AA
Rusya'nın belgelendirme kuruluşu RusQuality Başkanı Maxim Protasov, Anadolu Ajansının (AA) global iletişim ortağı olduğu "Rusya-İslam Dünyası: KazanForum 2024"te Rusya'nın helal pazardaki çalışmalarına ilişkin AA muhabirine değerlendirmede bulundu.
Rusya'daki nüfusun yüzde 15'inden fazlasının Müslüman olduğunu kaydeden Protasov, piyasada helal mal ve hizmetlerin payının arttığını anlattı.
Dünyada genç Müslüman nüfusun arttığını ve bu sebeple helal pazarın da büyüdüğünü dile getiren Protasov, "Helal pazar, birkaç trilyon doları geçti, bu çok büyük bir piyasa çünkü dünya nüfusunun büyük kısmı Müslüman. Bu yüzden birçok ülke ve Rusya bu pazara girmeye odaklanıyor. Bu Rus hükümeti ve RusQuality için oldukça önemli." diye konuştu.
Helal pazara olan eğilimi yakından takip ettiklerine dikkati çeken Protasov, "Araştırma ekibimiz, her yıl pazarın yüzde 3 ila 4 büyüdüğünü gözlemledi. Örneğin, helal turizm hizmetleri harcamaları dünyadaki harcamaların yüzde 9 ila 10'unu oluşturuyor. Bunlar büyük rakamlar ve her geçen yıl bu yüzdeler artıyor." ifadelerini kullandı.
Protasov, RusQuality'nin temel amaçlarından birinin ihraç edilen Rus mal ve hizmetlerinin sayısını arttırmak ve genişletmek olduğunu ifade ederek, "Türkiye bizim dost ülkemiz ve RusQuality ile Türk belgelendirme kuruluşları arasında sertifikaların karşılıklı tanınması üzerinde çalışıyoruz. Standartlarımız, İslam İşbirliği Teşkilatının standardizasyon organizasyonu olan İslam Ülkeleri Standartlar ve Metroloji Enstitüsünün standartlarını temel aldığı için Türkiye ile aynı çerçevede çalışıyoruz." dedi.
Türkiye'de uygulanan helal standartlarının Rusya'da da uygulandığına işaret eden Protasov, "İthal ve ihraç edeceğimiz ürünlerde birlikte çalışabileceğimiz pek çok ortak noktamız var. Rusya'dan Türkiye'ye, aynı şekilde Türkiye'den Rusya'ya turist akışımız var." diye konuştu.
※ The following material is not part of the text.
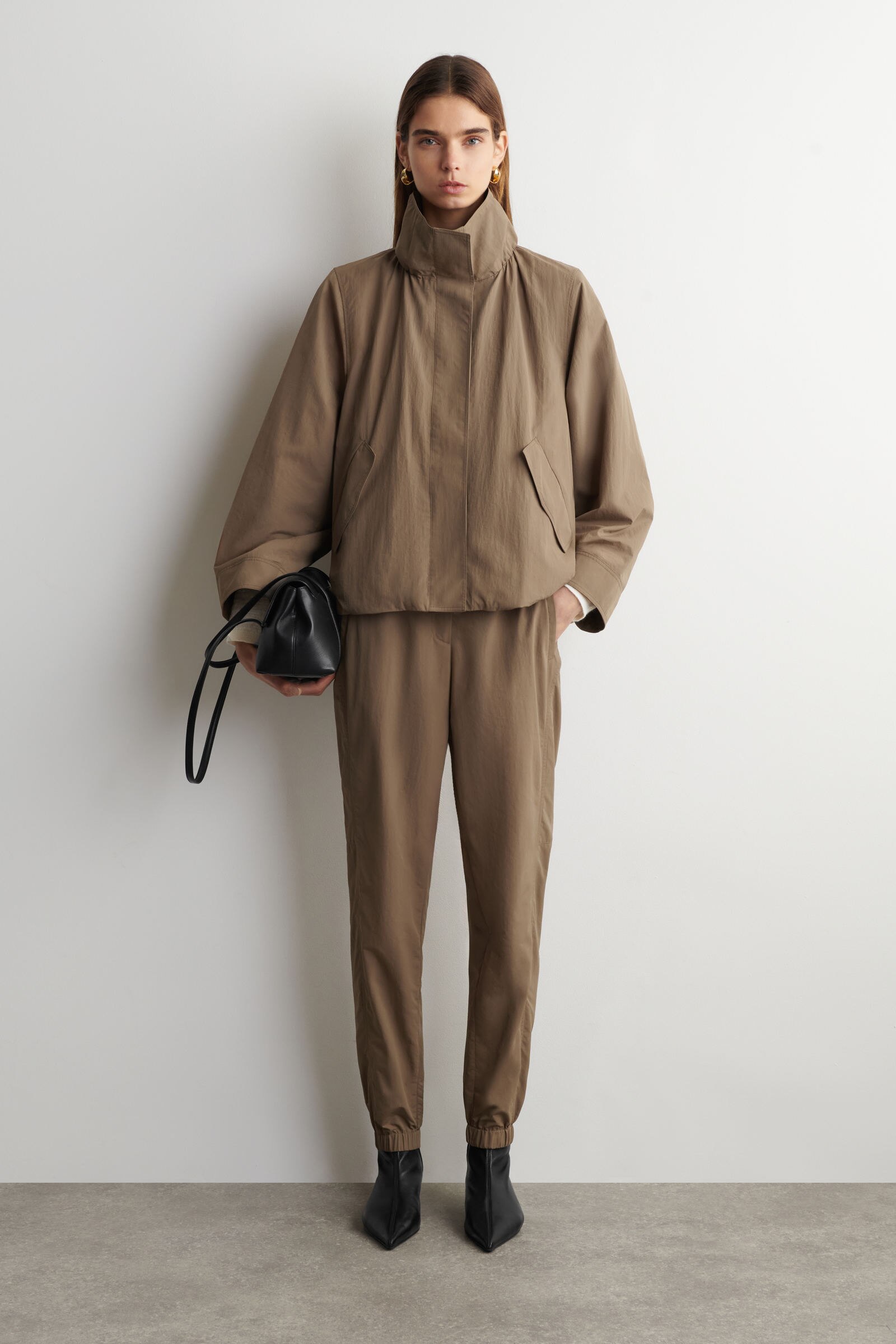 【HUT】COS 中綿入りファンネルネックコート Mサイズ NYLON FUNNEL-NECK JACKET ナイロンファンネルネックジャケット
Protasov, Rusya'nın, Türk şirketleri ve belgelendirme kuruluşlarıyla helal piyasasındaki işbirliğini genişletme konusunda çok istekli olduğuna dikkati çekerek, RusQuality'nin Helal Akreditasyon Kurumu (HAK) ile bir anlaşma üzerinde çalıştığını ve HAK'ın kendilerini tanıyacağına inandığını kaydetti.